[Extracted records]
_ _ _ _ _ _ _
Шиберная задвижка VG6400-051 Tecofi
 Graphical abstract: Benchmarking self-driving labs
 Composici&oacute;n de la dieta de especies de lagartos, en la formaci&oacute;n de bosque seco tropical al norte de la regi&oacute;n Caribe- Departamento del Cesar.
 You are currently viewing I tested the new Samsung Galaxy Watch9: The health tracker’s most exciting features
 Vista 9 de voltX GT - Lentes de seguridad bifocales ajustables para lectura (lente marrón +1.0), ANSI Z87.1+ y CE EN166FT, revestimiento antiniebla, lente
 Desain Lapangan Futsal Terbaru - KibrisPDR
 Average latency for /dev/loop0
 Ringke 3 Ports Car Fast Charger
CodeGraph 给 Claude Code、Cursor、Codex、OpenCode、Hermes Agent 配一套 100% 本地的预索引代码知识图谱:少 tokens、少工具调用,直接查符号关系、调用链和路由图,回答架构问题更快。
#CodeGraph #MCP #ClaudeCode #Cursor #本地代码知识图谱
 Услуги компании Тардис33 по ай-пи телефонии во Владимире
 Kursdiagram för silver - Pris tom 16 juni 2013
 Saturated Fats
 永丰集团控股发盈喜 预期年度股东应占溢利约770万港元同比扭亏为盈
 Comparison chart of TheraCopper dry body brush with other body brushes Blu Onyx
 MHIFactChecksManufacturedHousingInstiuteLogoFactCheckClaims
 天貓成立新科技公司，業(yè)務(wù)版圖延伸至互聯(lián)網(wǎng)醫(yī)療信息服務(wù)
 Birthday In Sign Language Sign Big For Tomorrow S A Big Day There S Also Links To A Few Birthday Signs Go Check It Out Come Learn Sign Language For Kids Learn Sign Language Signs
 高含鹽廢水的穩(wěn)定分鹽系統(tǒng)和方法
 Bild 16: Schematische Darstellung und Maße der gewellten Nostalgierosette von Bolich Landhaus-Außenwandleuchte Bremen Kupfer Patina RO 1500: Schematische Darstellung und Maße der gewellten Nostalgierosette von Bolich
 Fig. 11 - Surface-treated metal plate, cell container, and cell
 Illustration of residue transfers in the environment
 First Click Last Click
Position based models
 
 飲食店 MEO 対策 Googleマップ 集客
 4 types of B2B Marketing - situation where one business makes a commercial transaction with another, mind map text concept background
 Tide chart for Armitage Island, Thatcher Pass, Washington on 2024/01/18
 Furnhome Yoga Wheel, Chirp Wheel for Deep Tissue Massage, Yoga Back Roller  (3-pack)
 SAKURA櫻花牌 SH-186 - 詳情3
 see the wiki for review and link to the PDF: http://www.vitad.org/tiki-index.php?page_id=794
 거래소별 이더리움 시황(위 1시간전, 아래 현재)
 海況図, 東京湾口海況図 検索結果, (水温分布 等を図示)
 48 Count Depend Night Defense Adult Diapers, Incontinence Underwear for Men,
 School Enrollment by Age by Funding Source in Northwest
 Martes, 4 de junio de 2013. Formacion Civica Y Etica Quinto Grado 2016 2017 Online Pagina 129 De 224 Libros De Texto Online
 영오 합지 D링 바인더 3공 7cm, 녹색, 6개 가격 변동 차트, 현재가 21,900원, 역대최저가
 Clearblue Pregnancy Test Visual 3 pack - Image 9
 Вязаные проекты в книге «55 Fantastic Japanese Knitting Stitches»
_ _ _ _ _ _ _
> _What to produce_: Please transcribe only the lines in the records above running from the line that has "You are currently" through the line that has "天貓成立新科技公司，業(yè", both included, exactly as they appear.

> _Exercise response_:
 You are currently viewing I tested the new Samsung Galaxy Watch9: The health tracker’s most exciting features
 Vista 9 de voltX GT - Lentes de seguridad bifocales ajustables para lectura (lente marrón +1.0), ANSI Z87.1+ y CE EN166FT, revestimiento antiniebla, lente
 Desain Lapangan Futsal Terbaru - KibrisPDR
 Average latency for /dev/loop0
 Ringke 3 Ports Car Fast Charger
CodeGraph 给 Claude Code、Cursor、Codex、OpenCode、Hermes Agent 配一套 100% 本地的预索引代码知识图谱:少 tokens、少工具调用,直接查符号关系、调用链和路由图,回答架构问题更快。
#CodeGraph #MCP #ClaudeCode #Cursor #本地代码知识图谱
 Услуги компании Тардис33 по ай-пи телефонии во Владимире
 Kursdiagram för silver - Pris tom 16 juni 2013
 Saturated Fats
 永丰集团控股发盈喜 预期年度股东应占溢利约770万港元同比扭亏为盈
 Comparison chart of TheraCopper dry body brush with other body brushes Blu Onyx
 MHIFactChecksManufacturedHousingInstiuteLogoFactCheckClaims
 天貓成立新科技公司，業(yè)務(wù)版圖延伸至互聯(lián)網(wǎng)醫(yī)療信息服務(wù)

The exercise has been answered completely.